»»

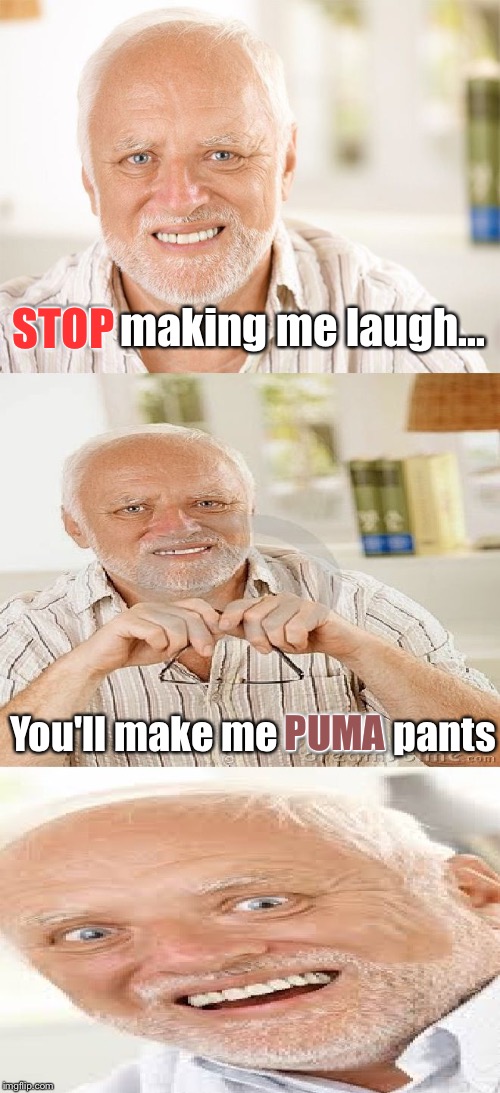 Take that, Anna! | STOP; STOP making me laugh... PUMA; You'll make me PUMA pants | image tagged in horrible pun harold,memes | made w/ Imgflip meme maker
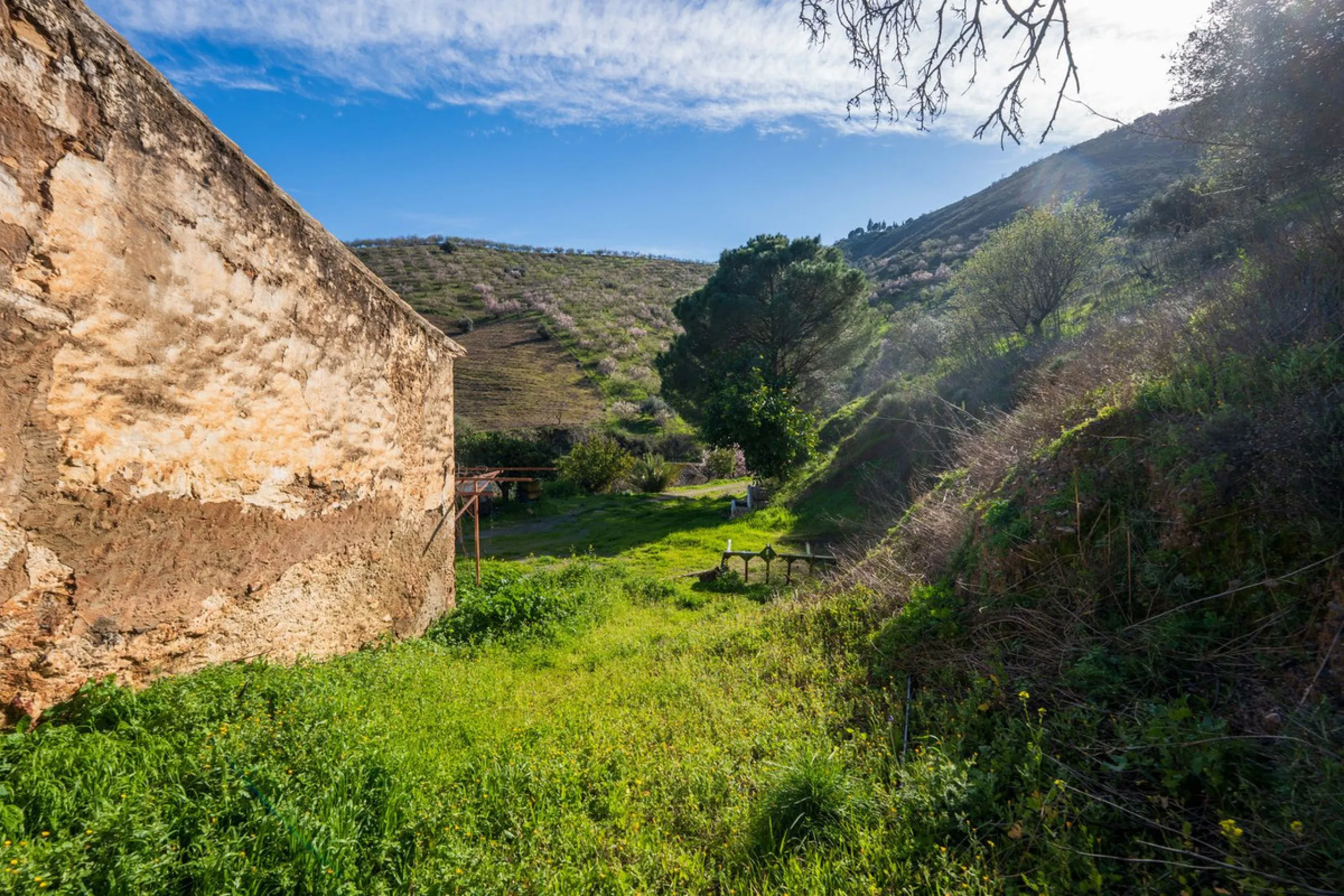 Imagine a place where time seems to stand still—a vast, quiet estate that breathes history in every corner. Two old houses in ruins rise gently from the land, their weathered walls worn by the years yet still standing strong, as if waiting for someone to 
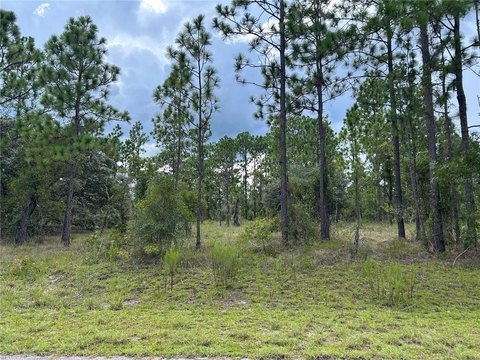 Land, DUNNELLON, FL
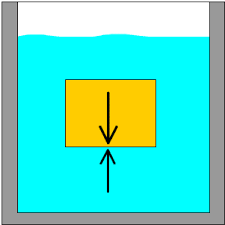 how objects float in fluids by ron
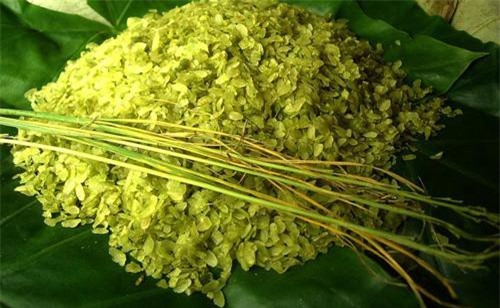 M&#xF3;n &#x103;n v&#x1EB7;t ngon n&#x1EE9;c ti&#x1EBF;ng nh&#x1EA5;t &#x111;&#x1ECB;nh ph&#x1EA3;i th&#x1EED; khi H&#xE0; N&#x1ED9;i v&#xE0;o thu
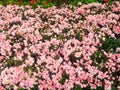 Pink flowers in Chiang Rai Royalty Free Stock Photo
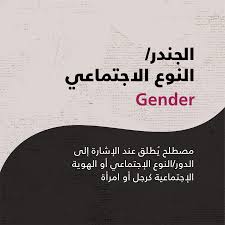 الجندر والتأثير العارم للغة بين وفرة المصطلحات وتشو ش المفهوم تجم ع سوريات من أجل الديمقراطية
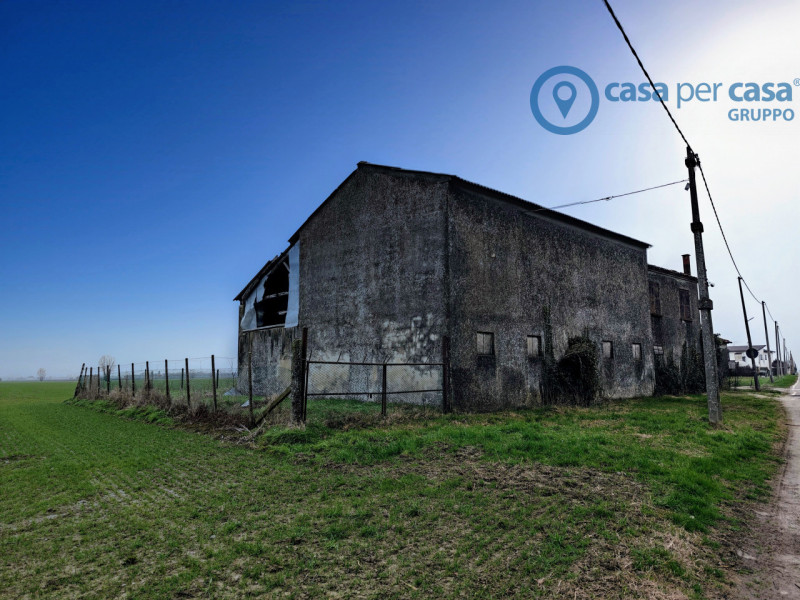 Immagine 3 di Casa indipendente in vendita  a Vescovana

««

The answer must be the lines above from the one containing "how objects float in fluids by ron" through the one containing "Pink flowers in", reproduced exactly, with no pictures and nothing else.

Answer.
 how objects float in fluids by ron
 M&#xF3;n &#x103;n v&#x1EB7;t ngon n&#x1EE9;c ti&#x1EBF;ng nh&#x1EA5;t &#x111;&#x1ECB;nh ph&#x1EA3;i th&#x1EED; khi H&#xE0; N&#x1ED9;i v&#xE0;o thu
 Pink flowers in Chiang Rai Royalty Free Stock Photo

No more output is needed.